(Extracted data entries)
◆ ◆ ◆ ◆
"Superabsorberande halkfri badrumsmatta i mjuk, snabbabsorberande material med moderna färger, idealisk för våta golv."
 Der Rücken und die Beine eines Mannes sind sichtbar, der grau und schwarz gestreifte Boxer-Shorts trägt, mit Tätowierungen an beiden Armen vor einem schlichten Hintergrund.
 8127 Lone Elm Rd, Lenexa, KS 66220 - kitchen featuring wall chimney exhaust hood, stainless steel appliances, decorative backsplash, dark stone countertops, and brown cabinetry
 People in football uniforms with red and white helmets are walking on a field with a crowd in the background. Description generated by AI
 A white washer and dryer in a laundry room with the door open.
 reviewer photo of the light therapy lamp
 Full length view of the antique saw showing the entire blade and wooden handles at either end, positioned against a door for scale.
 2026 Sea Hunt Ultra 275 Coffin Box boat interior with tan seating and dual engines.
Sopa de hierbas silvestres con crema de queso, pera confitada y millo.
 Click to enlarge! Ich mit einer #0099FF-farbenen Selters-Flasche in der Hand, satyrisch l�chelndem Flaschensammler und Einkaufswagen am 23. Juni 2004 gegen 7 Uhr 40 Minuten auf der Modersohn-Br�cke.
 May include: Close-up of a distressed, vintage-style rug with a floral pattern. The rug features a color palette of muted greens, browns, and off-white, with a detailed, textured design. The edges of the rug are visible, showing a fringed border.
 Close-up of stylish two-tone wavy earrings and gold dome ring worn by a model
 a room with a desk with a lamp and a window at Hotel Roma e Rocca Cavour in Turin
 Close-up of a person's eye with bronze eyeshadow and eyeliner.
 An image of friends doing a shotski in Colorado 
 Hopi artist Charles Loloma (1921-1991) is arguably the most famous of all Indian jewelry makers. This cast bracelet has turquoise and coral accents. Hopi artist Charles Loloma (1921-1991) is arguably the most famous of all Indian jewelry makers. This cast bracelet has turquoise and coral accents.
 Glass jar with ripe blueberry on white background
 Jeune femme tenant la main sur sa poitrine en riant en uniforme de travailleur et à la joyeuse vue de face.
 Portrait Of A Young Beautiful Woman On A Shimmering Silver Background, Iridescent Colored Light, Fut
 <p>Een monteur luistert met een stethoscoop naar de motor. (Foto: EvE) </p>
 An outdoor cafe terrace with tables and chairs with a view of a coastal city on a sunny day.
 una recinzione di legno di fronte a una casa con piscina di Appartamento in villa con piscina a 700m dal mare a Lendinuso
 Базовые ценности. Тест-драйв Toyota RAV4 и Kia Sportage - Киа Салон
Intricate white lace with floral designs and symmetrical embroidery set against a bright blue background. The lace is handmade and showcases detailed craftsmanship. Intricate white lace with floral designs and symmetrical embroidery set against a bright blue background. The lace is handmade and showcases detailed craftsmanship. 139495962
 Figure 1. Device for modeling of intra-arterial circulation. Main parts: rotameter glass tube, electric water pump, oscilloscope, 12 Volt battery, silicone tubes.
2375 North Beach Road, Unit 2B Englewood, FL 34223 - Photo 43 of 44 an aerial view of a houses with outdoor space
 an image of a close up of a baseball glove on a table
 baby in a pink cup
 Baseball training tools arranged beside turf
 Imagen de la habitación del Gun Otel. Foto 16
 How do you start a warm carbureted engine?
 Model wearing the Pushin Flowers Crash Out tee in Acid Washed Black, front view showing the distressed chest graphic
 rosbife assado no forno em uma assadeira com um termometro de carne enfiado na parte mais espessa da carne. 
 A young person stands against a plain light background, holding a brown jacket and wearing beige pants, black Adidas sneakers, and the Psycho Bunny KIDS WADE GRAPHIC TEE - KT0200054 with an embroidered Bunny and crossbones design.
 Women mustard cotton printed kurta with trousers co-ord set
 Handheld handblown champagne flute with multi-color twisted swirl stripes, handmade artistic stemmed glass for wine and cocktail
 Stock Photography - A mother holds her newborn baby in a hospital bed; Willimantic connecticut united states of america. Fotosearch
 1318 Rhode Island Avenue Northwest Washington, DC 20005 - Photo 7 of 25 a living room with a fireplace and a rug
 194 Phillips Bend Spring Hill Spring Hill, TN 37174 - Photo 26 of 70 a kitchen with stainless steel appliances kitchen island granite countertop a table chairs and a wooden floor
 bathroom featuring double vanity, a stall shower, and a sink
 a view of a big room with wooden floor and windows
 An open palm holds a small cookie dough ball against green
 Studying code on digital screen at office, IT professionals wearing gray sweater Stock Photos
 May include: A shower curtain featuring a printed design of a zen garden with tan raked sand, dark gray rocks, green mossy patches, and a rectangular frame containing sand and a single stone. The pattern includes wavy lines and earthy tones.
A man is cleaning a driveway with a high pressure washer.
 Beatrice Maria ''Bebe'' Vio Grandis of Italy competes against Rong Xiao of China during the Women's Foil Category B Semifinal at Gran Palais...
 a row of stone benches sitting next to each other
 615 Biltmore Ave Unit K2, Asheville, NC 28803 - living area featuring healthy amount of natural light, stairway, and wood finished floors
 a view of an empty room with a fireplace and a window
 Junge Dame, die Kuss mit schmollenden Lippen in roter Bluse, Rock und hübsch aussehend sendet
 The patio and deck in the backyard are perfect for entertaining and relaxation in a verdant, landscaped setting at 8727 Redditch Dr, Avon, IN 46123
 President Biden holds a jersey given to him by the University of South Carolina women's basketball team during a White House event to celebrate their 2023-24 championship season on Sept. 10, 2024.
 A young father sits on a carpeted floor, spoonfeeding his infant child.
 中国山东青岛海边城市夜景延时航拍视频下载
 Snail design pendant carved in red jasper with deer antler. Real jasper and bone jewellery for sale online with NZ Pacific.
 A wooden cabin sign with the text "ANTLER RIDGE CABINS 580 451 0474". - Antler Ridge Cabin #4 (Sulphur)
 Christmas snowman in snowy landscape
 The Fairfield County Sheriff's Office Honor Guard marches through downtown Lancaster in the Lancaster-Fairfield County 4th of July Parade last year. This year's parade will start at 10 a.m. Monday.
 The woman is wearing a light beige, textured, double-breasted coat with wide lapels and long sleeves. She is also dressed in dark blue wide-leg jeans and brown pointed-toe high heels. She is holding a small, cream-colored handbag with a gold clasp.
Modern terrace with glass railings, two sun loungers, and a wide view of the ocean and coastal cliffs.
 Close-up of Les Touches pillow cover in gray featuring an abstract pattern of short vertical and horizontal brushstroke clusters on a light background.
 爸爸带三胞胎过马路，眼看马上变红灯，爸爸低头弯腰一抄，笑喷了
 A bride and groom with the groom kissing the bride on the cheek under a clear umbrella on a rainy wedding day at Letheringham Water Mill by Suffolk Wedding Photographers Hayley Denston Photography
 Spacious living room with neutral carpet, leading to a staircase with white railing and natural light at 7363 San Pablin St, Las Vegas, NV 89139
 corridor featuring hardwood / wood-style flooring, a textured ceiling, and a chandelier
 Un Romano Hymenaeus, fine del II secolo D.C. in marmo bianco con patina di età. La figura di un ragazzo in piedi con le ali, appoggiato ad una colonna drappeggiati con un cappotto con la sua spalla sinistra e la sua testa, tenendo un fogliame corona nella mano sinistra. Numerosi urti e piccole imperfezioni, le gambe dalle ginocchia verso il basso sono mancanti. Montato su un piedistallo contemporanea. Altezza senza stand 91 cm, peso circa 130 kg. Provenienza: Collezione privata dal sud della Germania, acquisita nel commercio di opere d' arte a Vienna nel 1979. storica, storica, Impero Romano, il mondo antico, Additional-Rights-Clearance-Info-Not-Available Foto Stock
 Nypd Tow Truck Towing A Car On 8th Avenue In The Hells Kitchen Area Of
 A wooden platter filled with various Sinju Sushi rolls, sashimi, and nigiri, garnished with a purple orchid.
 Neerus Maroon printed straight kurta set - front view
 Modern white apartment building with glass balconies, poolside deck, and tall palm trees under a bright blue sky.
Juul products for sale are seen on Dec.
◆ ◆ ◆ ◆
Task goal — Look through the entries for lines containing the word "handmade" and return each one.

Solution —
Intricate white lace with floral designs and symmetrical embroidery set against a bright blue background. The lace is handmade and showcases detailed craftsmanship. Intricate white lace with floral designs and symmetrical embroidery set against a bright blue background. The lace is handmade and showcases detailed craftsmanship. 139495962
 Handheld handblown champagne flute with multi-color twisted swirl stripes, handmade artistic stemmed glass for wine and cocktail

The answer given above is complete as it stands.